Question 14: Which drug classification would be prescribed for a patient with a bacterial infection?
A) Antifungals
B) Antivirals
C) Antibiotics
D) Antihistamines

Question 15: What is the primary concern when a patient is prescribed both an ACE inhibitor and a potassium supplement?
A) Decreased effectiveness of the ACE inhibitor
B) Hyperkalemia (elevated potassium levels)
C) Increased blood pressure
D) Reduced kidney function

Answer Key and Explanations

Answer 1: D – Intravenous administration provides immediate drug delivery into the bloodstream, resulting in the fastest onset of action.

Answer 2: B – 250 mg × 3 times daily = 750 mg total daily dose.

Answer 3: B – Antihypertensives are specifically designed to lower blood pressure and treat hypertension.

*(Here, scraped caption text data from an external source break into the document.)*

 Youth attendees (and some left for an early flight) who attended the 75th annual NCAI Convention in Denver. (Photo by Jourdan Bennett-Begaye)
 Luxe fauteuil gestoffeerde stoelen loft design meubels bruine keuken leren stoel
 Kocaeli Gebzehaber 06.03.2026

Answer 4: B – Patient identification using two identifiers is the critical first step to prevent medication errors.

Answer 5: C – Morphine sulfate is a controlled substance (Schedule II) requiring secure, locked storage per DEA regulations.

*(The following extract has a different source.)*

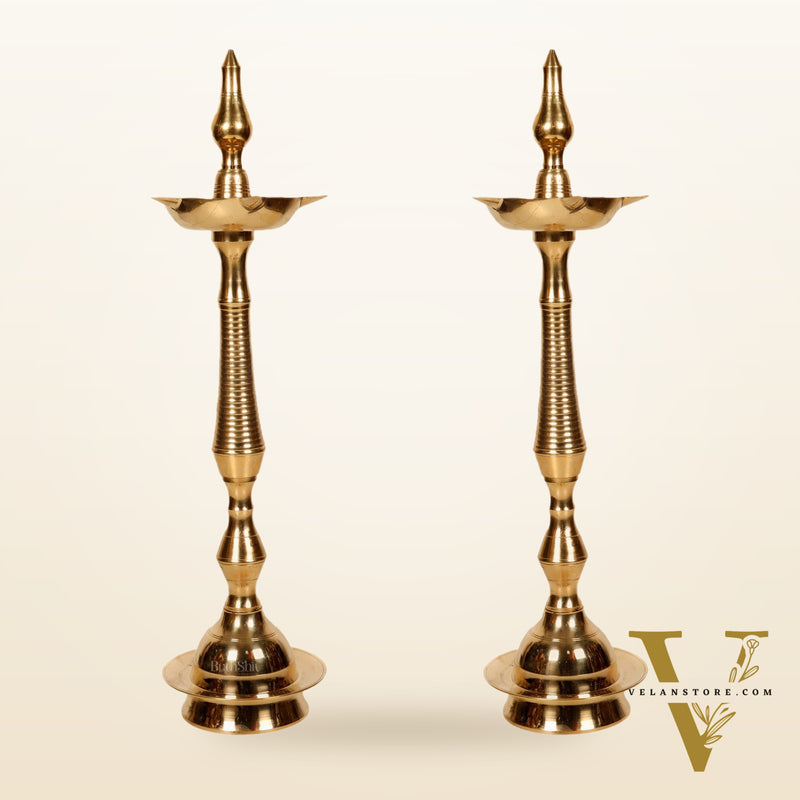 Brass Handcrafted Kerala Kuthu Vilakku with Carvings | Fine Quality Brass | 15.5" Height | Set of 2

Answer 6: B – BID means twice daily; 1 tablet × 2 times × 10 days = 20 tablets total.

Answer 7: B – Constipation is the most common side effect of opioid medications due to decreased GI motility.

Answer 8: A – The “right dose” refers to administering the correct strength or amount of medication as prescribed.

Answer 9: C – Insulin glargine (Lantus) is a long-acting insulin with a duration of approximately 24 hours.

Answer 10: B – Aspirin increases bleeding risk when combined with warfarin, an anticoagulant medication.

Answer 11: B – PRN is Latin for “pro re nata,” meaning “as needed” or when required.

Answer 12: C – Transdermal patches deliver medication through the skin, bypassing the digestive system entirely.

Answer 13: B – 0.25 mg = 250 mcg; 250 mcg ÷ 125 mcg per tablet = 2 tablets.

Answer 14: C – Antibiotics are the appropriate drug classification for treating bacterial infections.

Answer 15: B – ACE inhibitors can increase potassium levels, and combining with potassium supplements may cause dangerous hyperkalemia.